Limitations of this study include being retrospective and single‐centered, having a short follow‐up time period, and having a decreased number of patients included in the post‐COVID analysis. The long‐term impacts of HIV management may not have been captured as post‐COVID data were only collected between March and July 2020. If a patient had their ART modified during the study, the impact of this change may not have been observed. Also, mainly patients with uncontrolled HIV or a recent history of nonadherence were required to present for laboratory work. When appropriate, stable patients had their follow‐up visits and laboratory work extended to a later date. Because of this, the post‐COVID numbers are less than pre‐COVID. When discussing limitations, it is important to mention availability of technology. The PATH Center mainly cares for an underserved population with patients having a potential lack of access to the necessary technology, such as smartphones and internet connection, for virtual visits hindering the utilization of telehealth services, specifically audiovisual. It should be noted that the majority of visits were able to be completed using audiovisual technology.

In addition, the lack of data regarding chronic disease states management other than HIV was identified as a limitation. This is mainly due to the clinic requiring patients to present for laboratory work only when medically necessary in an attempt to limit patient exposure.

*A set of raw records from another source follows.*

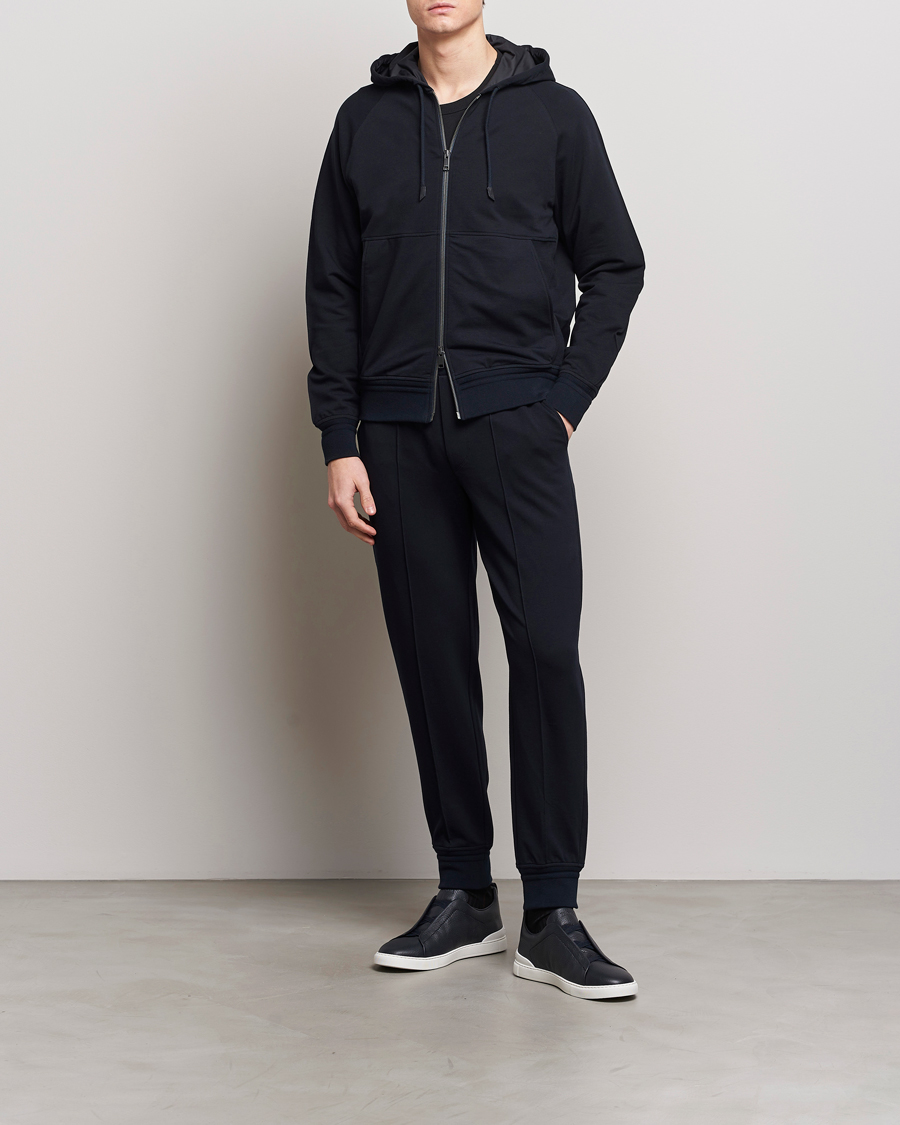 Homme | Pulls Et Tricots | Zegna | Cotton Stretch Zip Hoodie Navy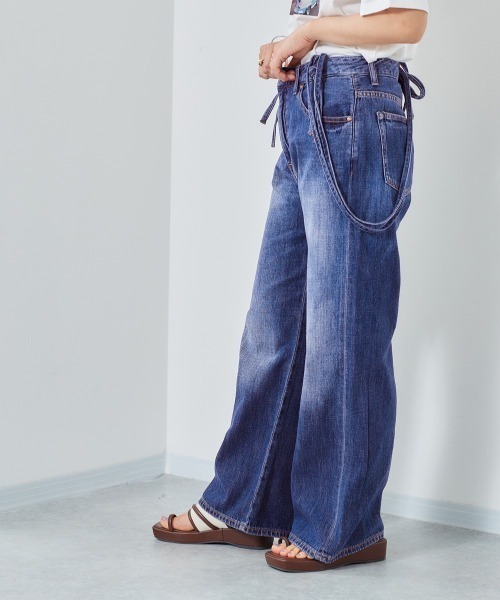 cepo(セポ)の「バックリボンサスペンダーパンツ(デニムパンツ・レディース・ブルー系その他/オフホワイト/インディゴブルー・M/S)」の12枚目の写真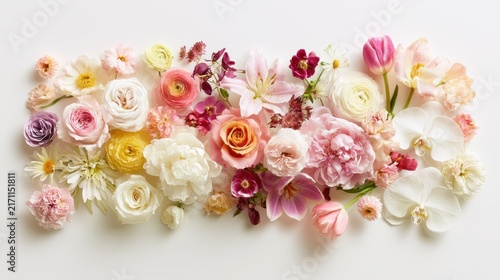 Assorted flowers on a pure white background for banner-ready design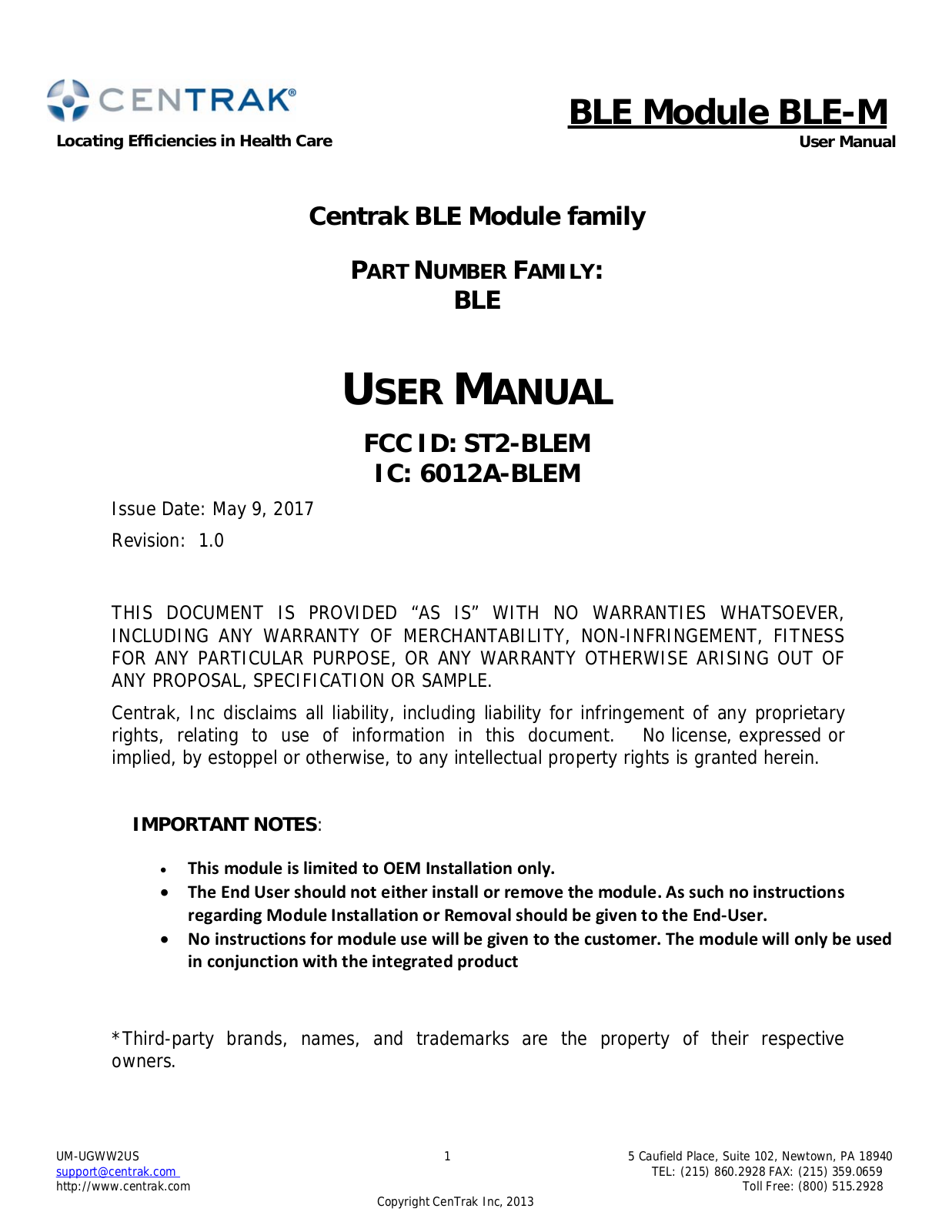 Centrak BLEM User Manual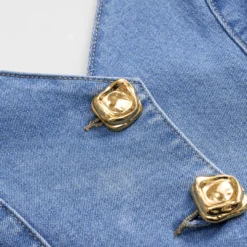 Denim Ruched Button Backless Crop Top -Women's Clothing Store e856c986 8826 4e76 8878 759e7a8c8f0c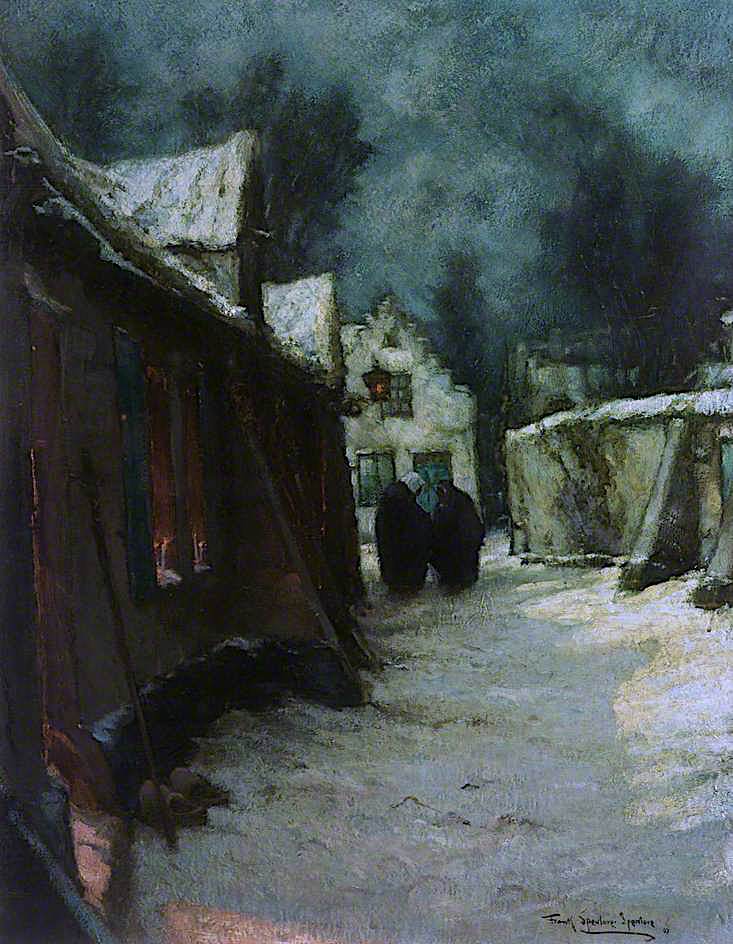 The Light at the Door, a January Night in Flanders, vintage artwork by Frank Spenlove-Spenlove, 12x8" (A4) Poster
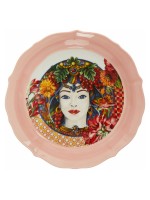 Baci Milano Rustic Style Decorated Coral Porcelain Bowl 26 x 26 cm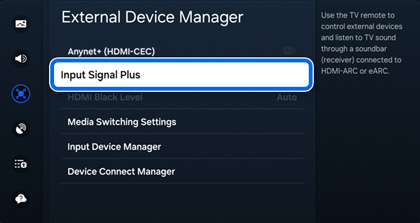 Input Signal Plus highlighted in External Device Manager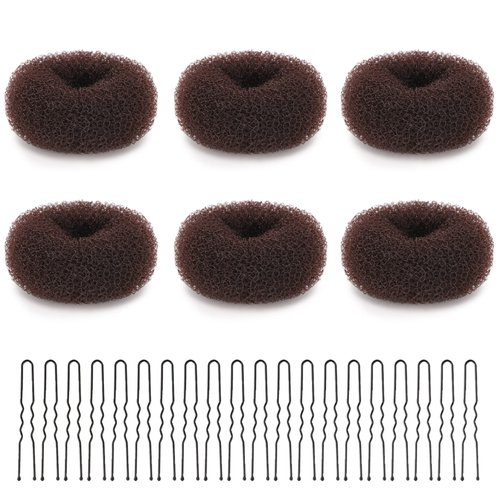 Aivwis 6 Pcs Kids Hair Bun Maker Set - DIY Magic Twist Styling Accessories, Ring Style Donut Buns with 20 Bobby Pins
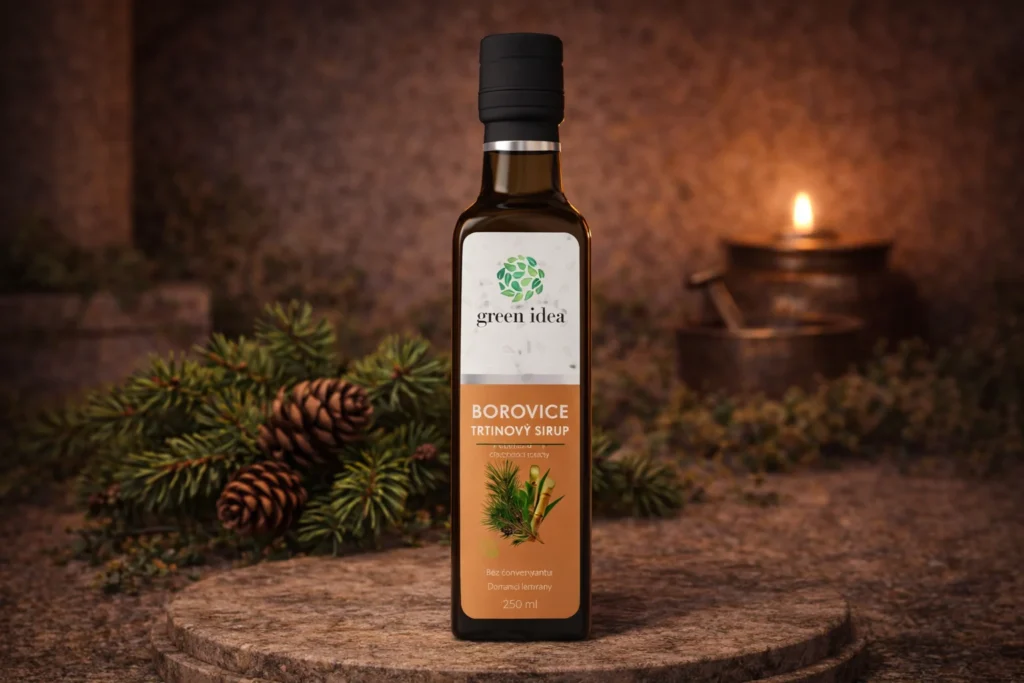 Borovicový trstinový sirup Green Idea 250 ml pri borovicových vetvičkách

It should also be noted that post‐COVID viral loads were not taken in retrospect to the telehealth visit(s), but likely after an interaction with a clinical pharmacist after the refill request was received and patient was assessed. Due to the interdisciplinary nature of the clinic, televisits were done by a provider and/or pharmacist limiting the ability to solely measure the impact of the pharmacist. Although visits were done by either a provider, pharmacist, or both, all 211 refill authorizations were completed by the pharmacists. The thorough chart reviews and constant communication required for authorizations is believed to have impacted patient adherence and suppression rates; however, there is a lack of objective data to confirm. Approximately half of the patients requesting refills completed a telehealth visit by a provider and/or pharmacists. It is likely that a portion of the patients who did not complete a televisit were relatively stable and had their visit extended to a later date. The continuity of care achieved and maintenance of viral load suppression rates allowed this vulnerable population to potentially have a reduction in risk factors associated with complications of respiratory or opportunistic infections.

This study provided evidence that pharmacy services including telehealth may be an option to collaboratively manage PLWH in order to maintain virologic suppression rates when in‐person visits are not feasible or safe. It is believed that the refill authorizations performed by the clinical pharmacists, which included adherence assessments, prevented gaps in medication use and likely contributed to the nonstatistical difference in viral loads pre‐COVID and post‐COVID. Beyond the pandemic, remote services can be an alternative for stable HIV‐positive patients as a supplement to in‐person visits. Access to resources will need to be addressed to ensure all patients eligible for virtual visits have the opportunity.

Utilization of pharmacy services including telehealth may allow clinical pharmacists to collaboratively provide remote services without jeopardizing patient outcomes. The results from this study display the potential interdisciplinary role clinical pharmacists have in maintaining viral load suppression rates in PLWH through virtual services. Larger, future studies are needed to confirm these findings, and display the long‐term impact and satisfaction of these services.

CONFLICTS OF INTEREST

The authors declare no conflicts of interest.